Confidence Score Decline in Document Intelligence Custom Extraction Models with New Layouts
aristotelisc describes an experiment using Azure Document Intelligence to train custom extraction models, highlighting how introducing new document layouts led to persistent confidence score drops. The author seeks community insights on this behavior.
Doc Intelligence: Custom Extraction Model | Confidence Score Deterioration with New Formats/Layouts
Author: aristotelisc
Hi everyone,
I am experimenting with custom extraction models in the Azure Document Intelligence service and have encountered a puzzling issue. My goal is to understand how model confidence scores behave when documents of significantly different format or layout are introduced during training.
Experiment Setup
- Initial Phase:
- Trained models using documents all in the same format (with some minor issues like picture quality and rotation).
- Gradually increased training data by increments of 5 documents, retraining after each addition.
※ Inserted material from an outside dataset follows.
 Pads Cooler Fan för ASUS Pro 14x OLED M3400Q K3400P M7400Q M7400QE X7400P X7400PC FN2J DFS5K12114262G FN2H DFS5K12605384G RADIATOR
- After each retraining, evaluated model confidence against a fixed, unseen holdout set (same format as training data).
- Second Phase:
- Upon reaching 35 documents in the same format, began adding documents with distinctly different formats and layouts (in batches of 10).
- Retrained the model after each addition.
- Monitored confidence scores against the unchanged holdout set.
Observations
- Adding documents with new formats/layouts caused a notable drop in confidence scores when evaluating the original-format holdout set.
- Confidence scores did not recover even with further retraining or more samples added.
- See attached graph for confidence score evolution after each training phase.
Question for the Community
Has anyone experienced a similar confidence drop when introducing varied input formats to a custom extraction model?
- What are the underlying causes for this behavior—does the model “forget” the original format, or is there an underlying limitation in the training process?
- Are there best practices to mitigate this decline and retain high confidence on multiple formats?
Any insights or suggestions would be appreciated.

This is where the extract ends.